Q: do you think Obama will be like JFK, to inspire America again? A: I think he's already inspired a lot of people, especially young people.

Q: Which candidate will have a bigger impact on the US trade imbalance? Obama is always emphasizing on withdrawal of troops. Less global influence. If Obama is elected, will US influence as global military police go down? A: I'm not sure I've heard either candidate discuss anything specific with respect to China. Our policy is to encourage China to be a resposible global citizen, which they've been achieving. ... I take issue with your referring to us as military police. We don't go into a country to occupy, we go in to solve a problem.
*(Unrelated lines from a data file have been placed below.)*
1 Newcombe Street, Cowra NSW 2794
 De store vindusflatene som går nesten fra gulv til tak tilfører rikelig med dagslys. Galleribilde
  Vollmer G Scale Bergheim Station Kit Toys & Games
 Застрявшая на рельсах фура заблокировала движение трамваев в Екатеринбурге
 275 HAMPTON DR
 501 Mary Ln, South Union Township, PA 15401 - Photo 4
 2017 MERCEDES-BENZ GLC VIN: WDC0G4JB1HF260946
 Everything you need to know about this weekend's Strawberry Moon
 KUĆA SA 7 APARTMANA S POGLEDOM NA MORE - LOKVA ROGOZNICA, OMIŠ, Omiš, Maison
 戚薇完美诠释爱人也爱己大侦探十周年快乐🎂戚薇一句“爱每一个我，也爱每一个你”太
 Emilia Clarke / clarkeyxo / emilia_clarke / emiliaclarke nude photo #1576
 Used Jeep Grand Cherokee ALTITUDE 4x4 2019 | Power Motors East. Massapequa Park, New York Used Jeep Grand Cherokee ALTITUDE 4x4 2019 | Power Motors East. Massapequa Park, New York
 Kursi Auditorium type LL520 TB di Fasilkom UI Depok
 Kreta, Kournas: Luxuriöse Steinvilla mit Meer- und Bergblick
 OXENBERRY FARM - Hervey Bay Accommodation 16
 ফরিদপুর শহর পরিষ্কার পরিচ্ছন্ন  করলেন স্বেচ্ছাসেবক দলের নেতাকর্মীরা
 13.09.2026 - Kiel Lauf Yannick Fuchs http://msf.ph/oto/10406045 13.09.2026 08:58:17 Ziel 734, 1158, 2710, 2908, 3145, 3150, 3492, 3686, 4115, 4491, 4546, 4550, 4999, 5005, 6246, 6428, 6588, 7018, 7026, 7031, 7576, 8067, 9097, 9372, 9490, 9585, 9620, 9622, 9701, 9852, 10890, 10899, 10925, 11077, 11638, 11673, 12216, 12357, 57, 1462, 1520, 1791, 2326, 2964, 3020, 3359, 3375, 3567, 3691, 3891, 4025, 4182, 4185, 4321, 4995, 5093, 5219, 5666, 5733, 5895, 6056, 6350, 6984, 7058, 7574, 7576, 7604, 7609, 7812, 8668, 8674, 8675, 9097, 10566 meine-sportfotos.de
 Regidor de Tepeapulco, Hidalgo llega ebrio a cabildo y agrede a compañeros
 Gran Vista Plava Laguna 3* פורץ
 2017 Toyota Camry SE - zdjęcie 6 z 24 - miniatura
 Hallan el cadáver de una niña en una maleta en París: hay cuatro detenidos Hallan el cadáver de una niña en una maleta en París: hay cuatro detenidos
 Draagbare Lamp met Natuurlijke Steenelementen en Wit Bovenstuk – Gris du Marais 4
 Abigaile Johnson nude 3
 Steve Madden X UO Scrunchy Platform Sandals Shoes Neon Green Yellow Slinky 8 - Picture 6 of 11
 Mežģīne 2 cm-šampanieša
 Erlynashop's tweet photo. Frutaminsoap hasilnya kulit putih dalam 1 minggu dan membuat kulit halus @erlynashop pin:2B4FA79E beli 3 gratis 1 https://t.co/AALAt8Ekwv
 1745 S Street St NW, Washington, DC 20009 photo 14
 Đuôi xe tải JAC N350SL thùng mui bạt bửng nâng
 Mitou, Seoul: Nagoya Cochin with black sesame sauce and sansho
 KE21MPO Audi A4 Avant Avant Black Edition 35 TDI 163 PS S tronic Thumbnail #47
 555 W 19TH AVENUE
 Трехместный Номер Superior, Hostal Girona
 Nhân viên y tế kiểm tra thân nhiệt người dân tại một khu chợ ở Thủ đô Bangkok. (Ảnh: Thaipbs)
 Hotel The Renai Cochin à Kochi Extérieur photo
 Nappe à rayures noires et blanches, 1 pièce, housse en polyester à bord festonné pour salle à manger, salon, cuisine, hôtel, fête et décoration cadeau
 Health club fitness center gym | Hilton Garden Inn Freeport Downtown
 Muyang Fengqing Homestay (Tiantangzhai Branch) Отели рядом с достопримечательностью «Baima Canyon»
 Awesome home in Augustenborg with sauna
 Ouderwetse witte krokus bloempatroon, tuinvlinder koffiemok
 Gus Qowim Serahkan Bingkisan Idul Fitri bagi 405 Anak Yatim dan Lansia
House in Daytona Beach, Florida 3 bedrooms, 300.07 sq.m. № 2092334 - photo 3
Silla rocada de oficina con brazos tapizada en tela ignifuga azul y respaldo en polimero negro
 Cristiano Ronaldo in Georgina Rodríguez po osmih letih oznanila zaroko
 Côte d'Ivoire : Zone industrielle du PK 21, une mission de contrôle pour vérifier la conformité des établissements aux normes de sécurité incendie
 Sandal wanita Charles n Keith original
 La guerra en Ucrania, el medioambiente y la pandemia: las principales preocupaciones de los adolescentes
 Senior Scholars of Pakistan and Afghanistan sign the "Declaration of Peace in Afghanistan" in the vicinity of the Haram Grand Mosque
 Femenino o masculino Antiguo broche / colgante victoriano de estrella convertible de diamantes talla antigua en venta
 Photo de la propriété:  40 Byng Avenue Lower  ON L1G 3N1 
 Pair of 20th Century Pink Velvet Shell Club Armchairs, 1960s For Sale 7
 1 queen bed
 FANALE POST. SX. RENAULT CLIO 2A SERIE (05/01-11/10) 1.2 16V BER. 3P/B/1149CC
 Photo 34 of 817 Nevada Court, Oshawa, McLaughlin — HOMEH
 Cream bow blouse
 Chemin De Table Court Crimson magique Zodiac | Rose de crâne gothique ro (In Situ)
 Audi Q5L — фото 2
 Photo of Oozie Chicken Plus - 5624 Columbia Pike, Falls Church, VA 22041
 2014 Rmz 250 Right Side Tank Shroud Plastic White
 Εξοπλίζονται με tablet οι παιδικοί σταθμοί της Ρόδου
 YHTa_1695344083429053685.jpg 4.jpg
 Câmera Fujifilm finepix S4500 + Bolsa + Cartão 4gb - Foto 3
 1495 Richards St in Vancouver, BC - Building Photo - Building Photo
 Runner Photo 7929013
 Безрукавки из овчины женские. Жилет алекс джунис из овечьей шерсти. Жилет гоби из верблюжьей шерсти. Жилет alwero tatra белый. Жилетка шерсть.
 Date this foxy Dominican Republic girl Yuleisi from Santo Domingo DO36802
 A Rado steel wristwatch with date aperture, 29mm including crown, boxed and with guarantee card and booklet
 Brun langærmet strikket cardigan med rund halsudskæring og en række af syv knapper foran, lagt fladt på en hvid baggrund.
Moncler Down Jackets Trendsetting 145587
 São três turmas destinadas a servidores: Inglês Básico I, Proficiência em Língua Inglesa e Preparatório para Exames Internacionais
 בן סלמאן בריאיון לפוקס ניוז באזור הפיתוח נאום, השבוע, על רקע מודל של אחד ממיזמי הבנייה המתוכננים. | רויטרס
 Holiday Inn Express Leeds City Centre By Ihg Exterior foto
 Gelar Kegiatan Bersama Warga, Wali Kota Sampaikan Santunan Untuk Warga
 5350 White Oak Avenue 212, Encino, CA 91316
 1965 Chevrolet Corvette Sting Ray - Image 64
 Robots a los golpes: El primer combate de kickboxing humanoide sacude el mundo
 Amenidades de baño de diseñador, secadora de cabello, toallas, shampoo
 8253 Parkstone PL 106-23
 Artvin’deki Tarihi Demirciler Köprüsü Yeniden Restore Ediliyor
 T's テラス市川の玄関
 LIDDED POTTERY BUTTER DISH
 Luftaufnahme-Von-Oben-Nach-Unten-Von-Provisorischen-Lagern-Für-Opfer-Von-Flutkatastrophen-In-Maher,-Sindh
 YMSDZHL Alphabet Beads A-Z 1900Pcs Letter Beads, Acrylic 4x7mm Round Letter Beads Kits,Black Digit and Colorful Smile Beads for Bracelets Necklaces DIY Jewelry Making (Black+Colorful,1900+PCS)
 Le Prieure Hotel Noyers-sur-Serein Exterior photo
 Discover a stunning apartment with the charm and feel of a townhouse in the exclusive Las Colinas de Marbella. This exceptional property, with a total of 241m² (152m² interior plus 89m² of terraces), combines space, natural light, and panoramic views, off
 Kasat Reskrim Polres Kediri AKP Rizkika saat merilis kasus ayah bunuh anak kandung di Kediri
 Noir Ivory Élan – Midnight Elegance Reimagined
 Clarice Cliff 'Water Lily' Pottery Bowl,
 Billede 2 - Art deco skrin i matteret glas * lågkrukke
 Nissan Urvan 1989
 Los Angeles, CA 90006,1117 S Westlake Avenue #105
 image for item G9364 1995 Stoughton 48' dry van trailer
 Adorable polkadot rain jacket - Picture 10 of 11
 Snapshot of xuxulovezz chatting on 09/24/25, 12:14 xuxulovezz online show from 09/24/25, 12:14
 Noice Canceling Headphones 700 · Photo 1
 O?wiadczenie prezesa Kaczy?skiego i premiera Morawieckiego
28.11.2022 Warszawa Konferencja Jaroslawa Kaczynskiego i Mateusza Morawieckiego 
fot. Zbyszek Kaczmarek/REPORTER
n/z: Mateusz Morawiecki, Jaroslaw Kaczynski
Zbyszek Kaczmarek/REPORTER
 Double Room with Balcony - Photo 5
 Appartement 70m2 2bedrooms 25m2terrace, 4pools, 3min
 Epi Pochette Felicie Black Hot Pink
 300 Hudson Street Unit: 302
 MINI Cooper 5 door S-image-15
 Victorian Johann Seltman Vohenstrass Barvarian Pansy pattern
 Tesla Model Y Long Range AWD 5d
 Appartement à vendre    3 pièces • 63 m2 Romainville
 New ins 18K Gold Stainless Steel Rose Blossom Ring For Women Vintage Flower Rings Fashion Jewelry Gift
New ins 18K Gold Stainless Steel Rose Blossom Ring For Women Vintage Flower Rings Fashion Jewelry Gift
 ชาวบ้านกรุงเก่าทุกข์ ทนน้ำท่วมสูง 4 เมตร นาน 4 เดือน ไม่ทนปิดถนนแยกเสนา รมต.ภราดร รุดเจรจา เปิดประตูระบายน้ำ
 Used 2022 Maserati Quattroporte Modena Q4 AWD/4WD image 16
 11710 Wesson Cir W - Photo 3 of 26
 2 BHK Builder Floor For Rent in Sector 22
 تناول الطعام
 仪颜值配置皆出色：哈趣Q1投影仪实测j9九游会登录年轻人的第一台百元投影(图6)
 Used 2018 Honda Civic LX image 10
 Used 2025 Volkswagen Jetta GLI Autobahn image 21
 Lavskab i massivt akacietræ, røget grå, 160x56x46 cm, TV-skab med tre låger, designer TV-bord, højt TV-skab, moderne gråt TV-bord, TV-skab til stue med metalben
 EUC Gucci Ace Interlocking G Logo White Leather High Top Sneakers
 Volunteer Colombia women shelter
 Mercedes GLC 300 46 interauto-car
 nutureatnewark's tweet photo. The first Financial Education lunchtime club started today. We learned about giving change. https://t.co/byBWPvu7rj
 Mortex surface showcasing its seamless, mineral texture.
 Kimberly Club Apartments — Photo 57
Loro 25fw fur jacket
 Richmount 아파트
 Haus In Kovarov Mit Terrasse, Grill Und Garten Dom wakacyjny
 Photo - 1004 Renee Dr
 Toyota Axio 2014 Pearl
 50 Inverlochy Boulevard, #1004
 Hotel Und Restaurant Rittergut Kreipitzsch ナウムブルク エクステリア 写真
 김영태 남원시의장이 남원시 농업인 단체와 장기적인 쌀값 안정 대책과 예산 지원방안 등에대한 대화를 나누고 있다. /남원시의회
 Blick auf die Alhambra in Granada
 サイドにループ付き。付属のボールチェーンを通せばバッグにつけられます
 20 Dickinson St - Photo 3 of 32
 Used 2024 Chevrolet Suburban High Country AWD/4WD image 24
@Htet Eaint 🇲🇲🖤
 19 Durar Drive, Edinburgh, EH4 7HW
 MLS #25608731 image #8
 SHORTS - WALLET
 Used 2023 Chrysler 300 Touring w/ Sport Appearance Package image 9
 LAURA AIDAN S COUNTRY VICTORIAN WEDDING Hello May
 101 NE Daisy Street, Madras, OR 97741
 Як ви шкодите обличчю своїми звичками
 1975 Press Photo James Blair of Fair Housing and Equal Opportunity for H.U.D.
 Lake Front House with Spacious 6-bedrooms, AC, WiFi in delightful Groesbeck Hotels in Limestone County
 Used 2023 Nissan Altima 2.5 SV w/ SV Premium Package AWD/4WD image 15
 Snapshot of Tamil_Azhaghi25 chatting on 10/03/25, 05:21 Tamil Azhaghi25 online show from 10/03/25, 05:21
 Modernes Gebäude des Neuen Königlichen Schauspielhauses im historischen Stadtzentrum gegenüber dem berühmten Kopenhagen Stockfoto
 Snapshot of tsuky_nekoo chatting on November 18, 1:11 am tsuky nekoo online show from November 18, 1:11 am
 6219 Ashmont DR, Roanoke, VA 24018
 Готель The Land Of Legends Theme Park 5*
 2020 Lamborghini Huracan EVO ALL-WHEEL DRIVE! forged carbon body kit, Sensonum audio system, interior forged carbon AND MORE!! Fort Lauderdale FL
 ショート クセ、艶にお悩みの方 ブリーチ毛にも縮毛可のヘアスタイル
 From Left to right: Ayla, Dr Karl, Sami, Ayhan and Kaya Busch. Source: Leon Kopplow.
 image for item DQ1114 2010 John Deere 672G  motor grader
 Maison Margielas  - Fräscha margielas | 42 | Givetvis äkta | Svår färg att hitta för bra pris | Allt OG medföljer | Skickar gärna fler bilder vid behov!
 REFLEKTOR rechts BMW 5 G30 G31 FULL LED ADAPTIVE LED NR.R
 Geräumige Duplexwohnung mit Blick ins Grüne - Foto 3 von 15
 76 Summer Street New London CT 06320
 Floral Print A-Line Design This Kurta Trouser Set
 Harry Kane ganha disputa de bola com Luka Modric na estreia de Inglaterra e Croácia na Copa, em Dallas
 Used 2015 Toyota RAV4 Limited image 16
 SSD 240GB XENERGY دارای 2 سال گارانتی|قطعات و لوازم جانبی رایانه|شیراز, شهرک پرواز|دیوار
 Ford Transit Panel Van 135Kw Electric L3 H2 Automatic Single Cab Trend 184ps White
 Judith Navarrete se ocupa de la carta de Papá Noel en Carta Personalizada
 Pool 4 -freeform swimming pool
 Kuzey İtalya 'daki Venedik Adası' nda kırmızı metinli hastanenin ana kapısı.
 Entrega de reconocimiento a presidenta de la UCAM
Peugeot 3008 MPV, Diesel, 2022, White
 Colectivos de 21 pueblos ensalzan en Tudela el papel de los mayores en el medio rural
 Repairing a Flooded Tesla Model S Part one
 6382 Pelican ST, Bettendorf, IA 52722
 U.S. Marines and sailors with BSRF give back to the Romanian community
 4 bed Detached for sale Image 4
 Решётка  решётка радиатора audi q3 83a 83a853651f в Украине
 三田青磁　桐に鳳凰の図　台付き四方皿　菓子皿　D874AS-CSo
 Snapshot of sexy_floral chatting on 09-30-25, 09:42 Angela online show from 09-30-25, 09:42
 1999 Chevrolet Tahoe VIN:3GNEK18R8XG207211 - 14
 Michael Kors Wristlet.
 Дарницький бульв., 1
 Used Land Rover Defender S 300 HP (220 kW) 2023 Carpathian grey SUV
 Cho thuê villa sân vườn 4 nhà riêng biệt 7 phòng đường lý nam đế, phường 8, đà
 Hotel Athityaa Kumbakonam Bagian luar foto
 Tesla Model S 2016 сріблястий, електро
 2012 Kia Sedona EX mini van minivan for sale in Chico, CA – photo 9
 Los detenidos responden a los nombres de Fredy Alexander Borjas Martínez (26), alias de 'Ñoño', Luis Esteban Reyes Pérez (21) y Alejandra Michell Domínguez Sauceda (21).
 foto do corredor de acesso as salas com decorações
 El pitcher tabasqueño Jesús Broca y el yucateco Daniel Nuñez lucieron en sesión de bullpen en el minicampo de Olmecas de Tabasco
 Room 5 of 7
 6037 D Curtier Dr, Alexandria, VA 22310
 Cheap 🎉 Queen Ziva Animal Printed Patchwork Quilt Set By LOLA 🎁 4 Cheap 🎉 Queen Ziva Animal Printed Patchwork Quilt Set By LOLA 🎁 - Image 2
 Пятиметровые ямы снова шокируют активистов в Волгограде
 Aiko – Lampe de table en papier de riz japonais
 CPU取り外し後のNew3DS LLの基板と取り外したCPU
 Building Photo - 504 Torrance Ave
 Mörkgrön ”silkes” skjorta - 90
Certainly when you consider the loss of life of our military and the huge financial toll it takes on us, it's not something any of us want to jump into without ... a great deal of thought. McCain would be more inclined to maintain our military posture as it is, but I have no idea what Barrack Obama would do. He's not been in the military; the comments other than with respect to Iraq .... I'll be interested to hear his comments after he visits Iraq.

Q: My question relates to certain schools of thought that American society is fundamentally racist. So far Obama has had a fairly smooth ride; now that he goes out into the open, is it possible that people, red necks, racists, will [vote him out] A: I don't know the answer, but if you look at the number of minorities elected in towns, etc, it's hard to argue this is an overriding situation of racism. Yes there are pockets of racism, there are blacks who are racists, but .... with respect to electing an African-American, I don't think that's a problem. I would like to think that our country is past that.

Q: I'm curious about that issue of gender. Did it play a role in why Hilary Clinton failed? What do you think is going to happen to the constituency of women that were voting for her? Will they defect to McCain? Do you think Obama's choice of running mate might take this into consideration? A: Most Clinton supporters by November will become Obama supporters. Those who are most irritated may stay home and not vote; I'm not sure that they will switch and not vote for McCain. ... There are people, even in the Democratic party, who just don't like her. They think she's shrill, abrasive, any number of things. She started the campaign with an attitude that it was hers, she didn't have a plan if she didn't win after February 5. She had money problems, problems with her campaign manager. Her husband got irritated on the campaign trail and that was caught on video. That caused the media to decide that Obama was going to be the candidate, and the media focus on Hillary was more on the negative side. I don't think it was ever a gender issue with Hilary. I don't think her experience means that women won't be able to be nominees for the next quarter-century.

Q: What will be the major issues in the US political climate in the next several months? A: The economy; surveys show Iraq has moved down, I think because the surge has made progress, but no progress is being made with the economy. Kitchen table types of issue. ... That said, if there is some dramatic event, like another terrorist attack, that will swing things the other way.